Blind spots across the board compel traders to follow technicals lots more than usual, which often gets them whipsawed if they respond to all the alternating rallies or declines--as basically none have staying power.
Of course, a primary focus for now is on probable tariff announcements Thursday. If they do or don’t, certainly that increased market angst, trader hesitancy as well, and ironically a suspected rebound into the 2 o’clock balloon.
Regardless of these daily moves, there are other issues out there. Sure, now everyone expects a Fed rate hike this month, so perhaps that’s an easily-absorbed influence. But again this is a pricey market, and that’s a viewpoint we have regardless of the periodic ability to mount the frantic short-covering rallies, that are unsustainable because there’s little true investing money behind the moves.
Geopolitically, you have everything from a curious cooperative attitude (or seemingly so) from North Korea, whether it’s due to Kim blinking or not at President Trump’s bigger button (which Trump shouldn’t belabor, even if that instigated the change in Little Rocket Man’s tone). Then, further apace, you have more stories linking North Korea with chemical weapons (or components) sent to Syria, which seems quite believable, even though Pyongyang has denied it supplied such materials to Syria.
Even further afield, but the market may care, you have Turkey’s Erdoganthumbing his nose at the United Nations Ceasefire Resolution 2401, that I was so proud of my cousin's work on, at the Security Council. Turkey should pay attention, as even Russia sided with the U.S., France and a slew of other UN members, chiding Ankara and insisting the ceasefire intends to include all of Syria(including northern areas where Erdogan is trying to smash the Kurds) and not just the conflict zone near Damascus.
If Qatar is really involved with this (they tend to play both sides), that's of course where markets can be impacted.
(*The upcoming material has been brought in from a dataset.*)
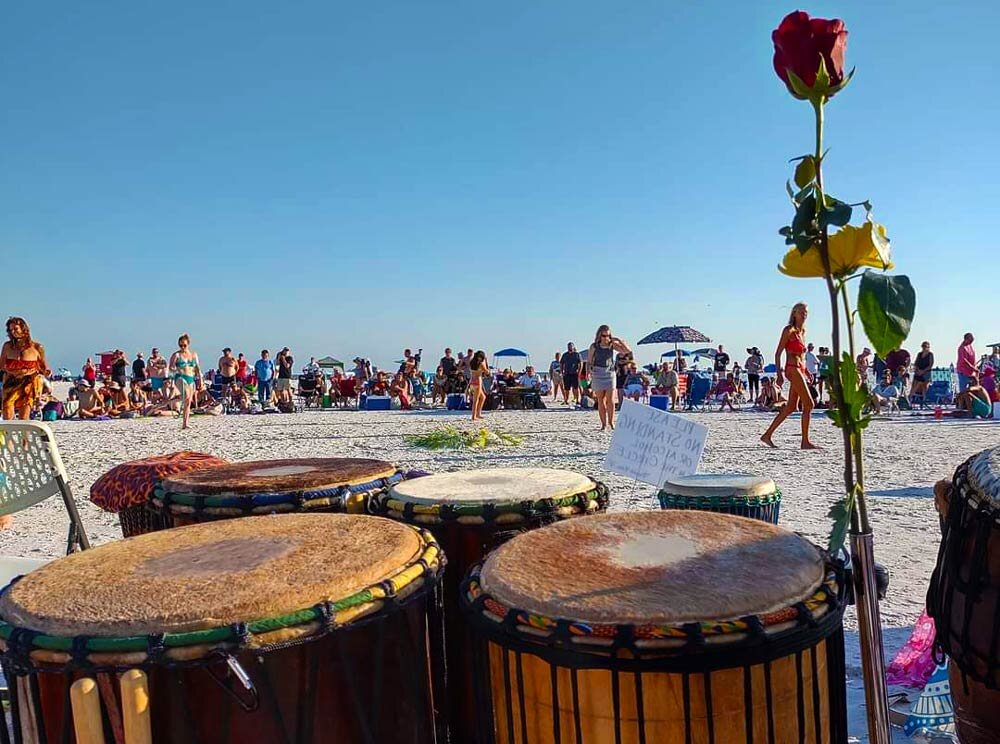 Drum Circle every Sunday on Siesta Key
Not just oil prices, but shipping, as they’re near a choke-point in the Persian Gulf and the world’s largest LNG (gas) exporter. And of course, we have a big Air Base there. Given the short attention span of markets, one would think it forgot all of this.
Now analysts had something to go with, so of course, rallied the market more, and eviscerated shorts, as we’d forewarned anyway. The primary reason is that the market is expensive; everyone overlooks the robust Beige Book Report (higher wages hourly might appear Friday and get some attention) and all sorts of geopolitical concerns.
Bottom line: it's not out of the question that we see a a favorable trade announcement (somewhat protectionist but not totally nationalistic). And then see implied-inflationary numbers Friday, taking the chatter back to square one, which happens to be rates and FOMC policy decisions.